Director: Takashi Miike
Takashi Miike is one of the most interesting and prolific filmmakers to come out of Japan, making over 80 films in nearly every genre imaginable since his directorial debut in the early 90s. His last feature film, he hugely successful 13 Assassins, had a cross over appeal that suddenly made everyone in the United States excited for his next samurai release. Unfortunately his latest venture into the samurai genre Hara-Kiri: Death of a Samurai, a loose remake of the classic 1962 Harakiri directed by the legendary Masaki Kobayashi, is a murky and static interpretation of the classic. It’s a shame considering how talented the director is, but it common place for some of his films to be utterly brilliant while others feel like they were made by a Miike knock-off.
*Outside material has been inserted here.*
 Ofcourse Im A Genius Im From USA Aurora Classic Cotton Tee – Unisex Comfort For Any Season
Shot in perhaps the dullest and utterly useless 3D ever committed to celluloid, Hara-Kiri attempts to play up the tropes of the samurai era in a serious manner but ends up feeling like a melodrama spiked with a few moments of semi-interesting action. Since peaceful times have befallen ancient Tokyo, the remaining masterless ronin have had trouble adjusting. With no great battles to fight, many have resorted to committing Seppuku, the ritual suicide where a samurai slices open their stomach and then are decapitated by a fellow warrior. Hoping to find an honorable end to his poverty stricken life, samurai Hanshiro (Ebizo Ichikawa) requests an audience with one of the last remaining samurai strongholds, the House of Li. The leader of the house Kageyu (Koji Yakusho) is quick to dismiss the request because of what happened previously to the last samurai who attempted Hara-Kiri in his presence.
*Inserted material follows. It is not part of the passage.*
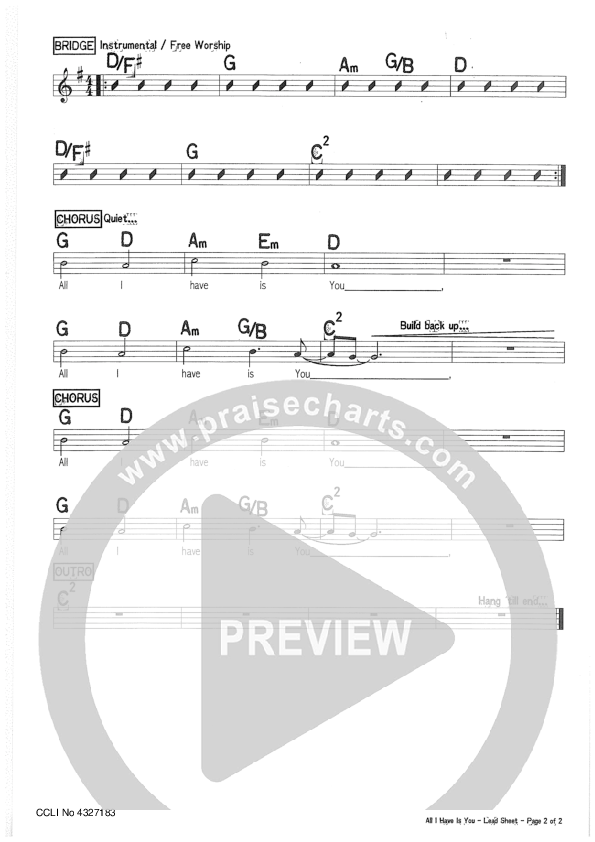 All I Have Is You Lead Sheet (Riverview Church)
Kageyu tells Hanshiro a pitiful tale of a poverty stricken samurai Motome (Eija) who came to him with a similar Harakiri request but in actuality was bluffing in hopes of receiving money to help his sickly wife and child. Wanting to make an example of his dishonesty, the house of Li forced the impoverished samurai to follow through the act using his sword. Unfortunately for Motome, he only brought a bamboo sword, as he had sold his real one for money for his family. The scene in which Motome is forced to commit Seppuku, with the wooden blade, is painfully brutal and perfectly distills the kind of intensity Miike has become famous for. Despite this brilliantly crafted tortuous death, the film plunges into more flashbacks from the point of view Hanshiro, who it turns out knew Motome all too well and this is where the film starts to suffer from insipid cliches.
It’s a shame that Hara-Kiri: Death of a Samurai doesn’t live up to the power of the original, as it certainly had the potential with Miike behind the camera. Instead the film spends too much time establishing a kind of corny back story between Motome and Hanshiro to ever amount to much. Even the final climatic showdown between the soldiers of the house of Li and Hanshiro feels rushed and somewhat sloppily executed, opting for moments of high-pitched melodrama instead of the raw reality the samurai must endure. It must be reiterated that film in no way needed to be shot in 3D, as it distracts from the compositions and dulls the color, making the film seem washed out when it could have been vibrant. Miike is an extremely talented director but the price he pays in being so prolific is that he has an equal amounts of hits as he does failures.